Thermoelectrics in Future Information Technologies - Towards Zero-Power Systems

Methods for Characterization of Transport Phenomena in Energy Materials: Controlling collective states

Investigators: Dr. Katharina Fritsch, Dr. Tommy Hofmann, Dr. Klaus Habicht 
Thermoelectric devices are of central importance in creating new and more energy-efficient information technologies. The ultimate limits on the thermopower figure of merit of relevant materials are governed by the charge carrier densities and mobilities as well as phonon conduction. A basic understanding of the microscopic mechanisms is an inevitable prerequisite for well-targeted design strategies to develop materials with the efficiencies capable of addressing heat recovery and spot cooling applications.
Fundamental research on the interaction processes on the level of elementary excitations in the solid state and thus access to the meV to µeV energy resolution scale is key to a fundamental understanding of transport phenomena.

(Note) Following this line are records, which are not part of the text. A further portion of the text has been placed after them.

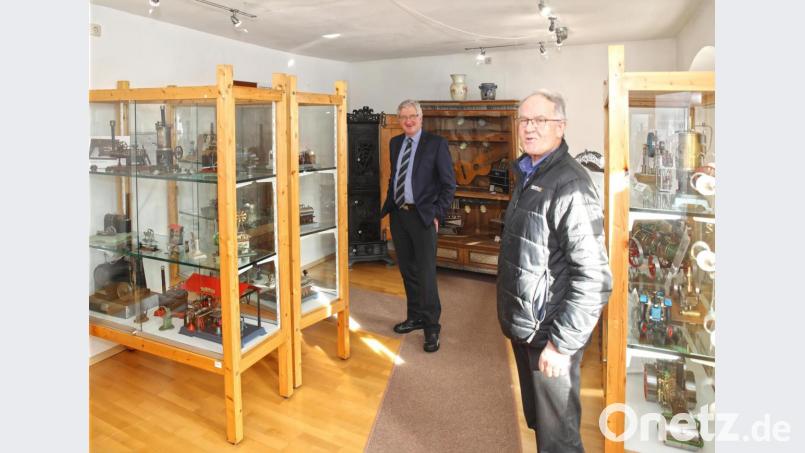 (von links) Bürgermeister Johannes Reger und Museumsleiter Manfred Klöble in der Sonderausstellung &quot;Dampfmaschinen&quot; Bild: njn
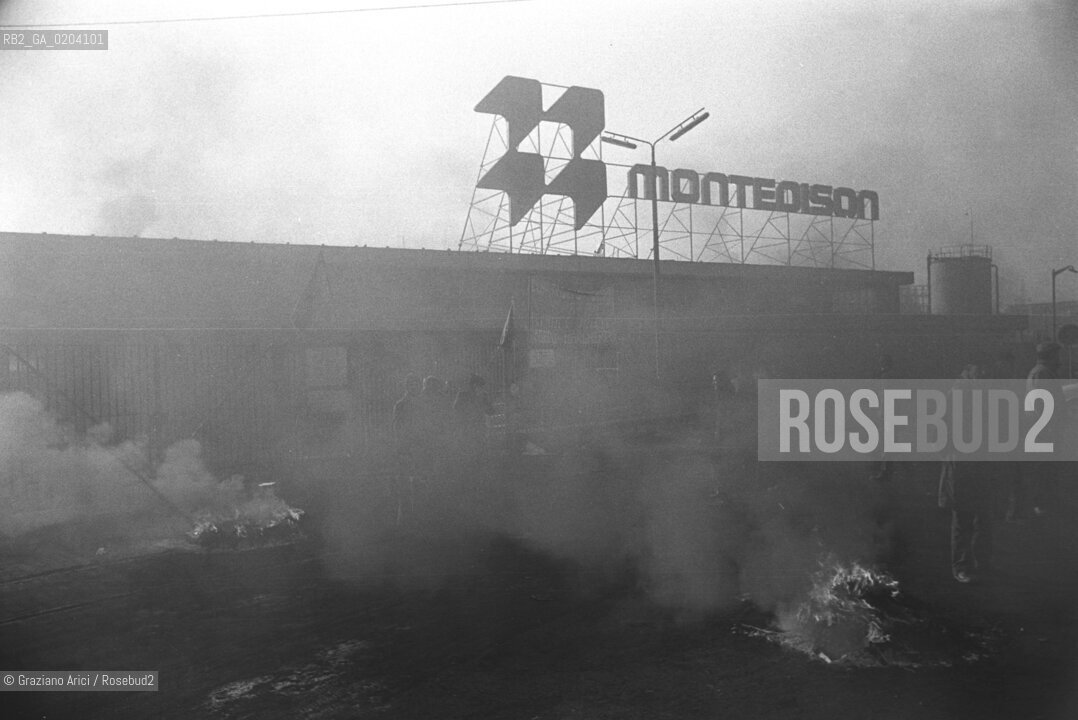 MARGHERA 1978 SCIOPERO MONTEDISON © ARCHIVIO Graziano Arici/Rosebud2  SCIOPERO OPERAI FABBRICA MONTEDISON MARGHER MANIFESTAZIONE FUMO MS
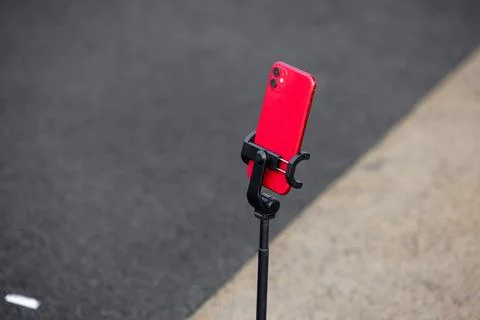 Using smartphone like professional photo camera on tripod. Stock-Fotos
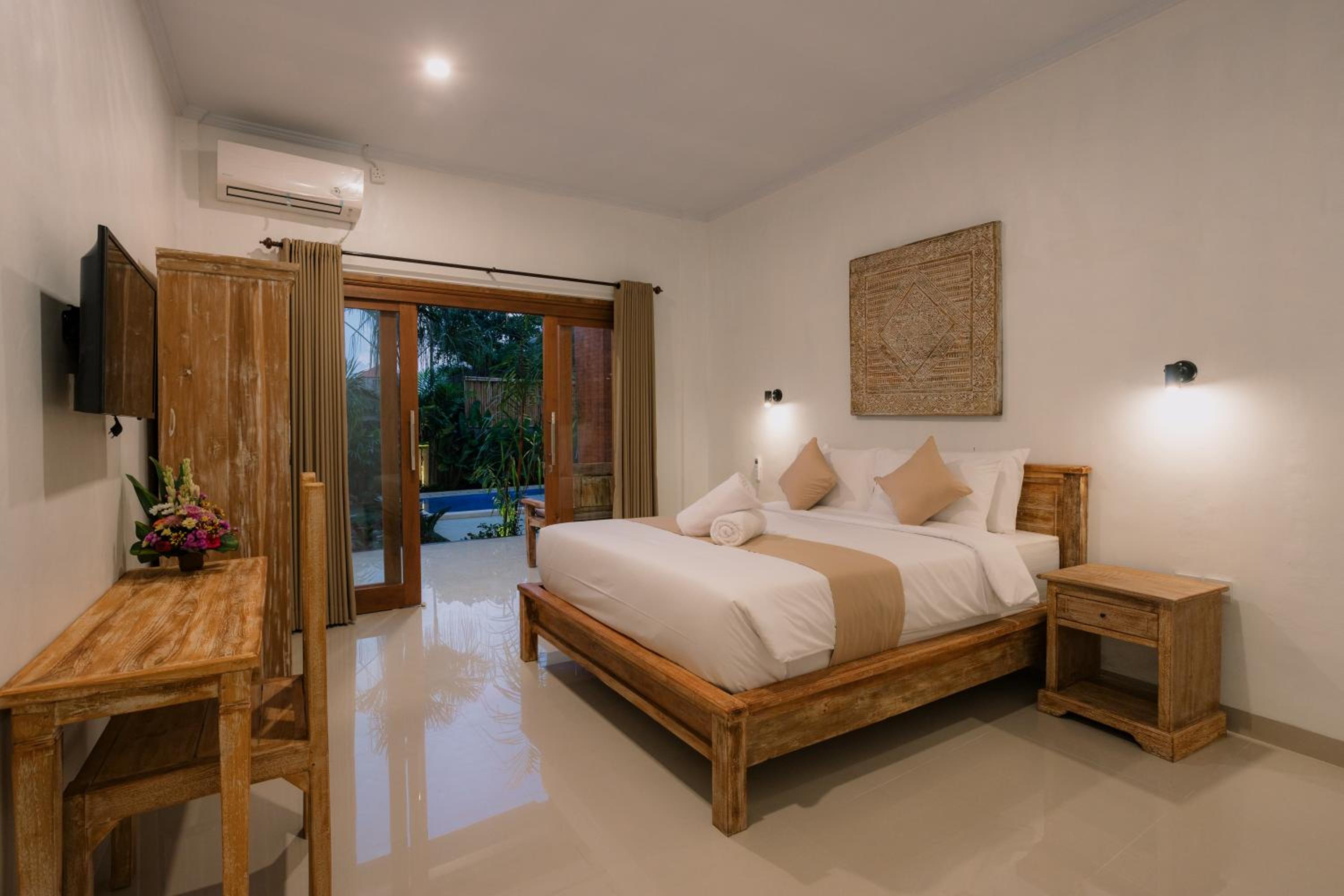 Double Room - Photo 9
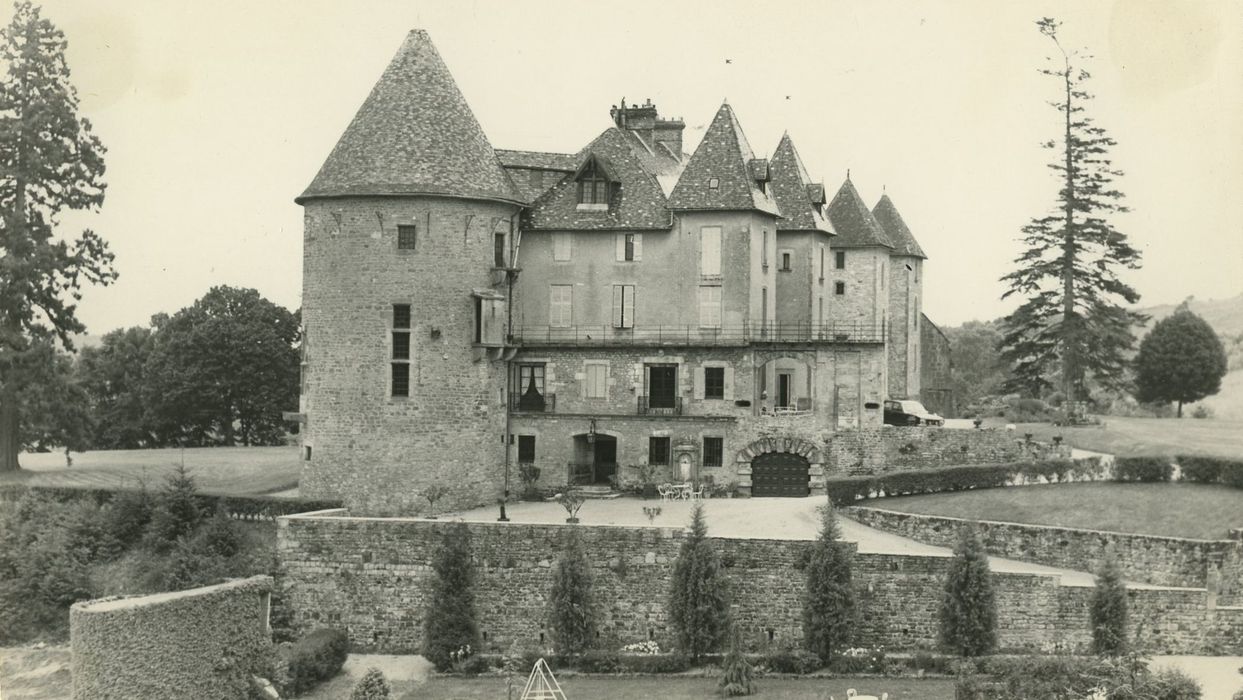 Château de Marguerite de Bourgogne : Ensemble ouest, vue générale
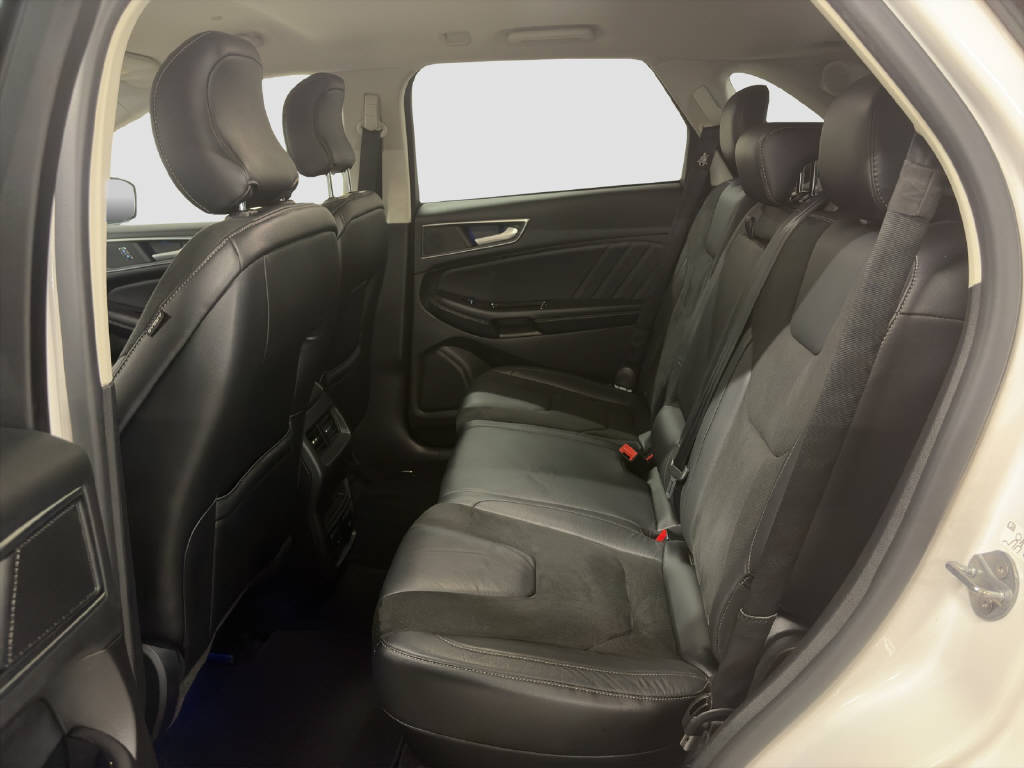 FORD Edge 2.0 TDCi 210 PS Sport FPS-image-13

The working group “Methods for Characterization of Transport Phenomena in Energy Materials” holds specialised expertise in high-resolution neutron spectroscopy well suited for investigating the dynamic interplay of quasi-particle and charge transport in novel materials for energy conversion. In particular, neutron resonance spin echo (NRSE) spectroscopy allows highest energy resolution for the investigation of elementary excitations in solid state matter and thus provides access to qualitatively new information about the lifetime of quasi particles and lattice anharmonicity. Interactions with other quasi particles or coherent many-body states display a fingerprint in the dynamical correlations, e.g. allowing the identification of lifetime reduction. Investigations on dispersive modes as they in general exist in single crystals, profit extraordinarily from the NRSE method. In the past, essential contributions to the development of the NRSE method for the investigation of excitations in the solid state have been made at HZB. The methodological progress made now allows accessing the fundamentals of transport phenomena which are at the basis of thermoelectrics.

The use of spin entropy based cooling where high densities of spin-disordered carriers present the prospect of much higher figures of merit. Important materials include 2D metallic systems such as triangular cobaltates, new pnictides, and narrow band heavy fermion compounds. Crucial here  is the use of inelastic neutron and X-ray scattering as well as angle resolved photoemission techniques in order to understand thoroughly the basic phonon, spin, and charge processes involved in the transport mechanisms and how these relate to the figures of merit. We intend to look at the materials both in single crystal form as well as in layered structures to understand both the principles underlying their operation as well as their functionalization.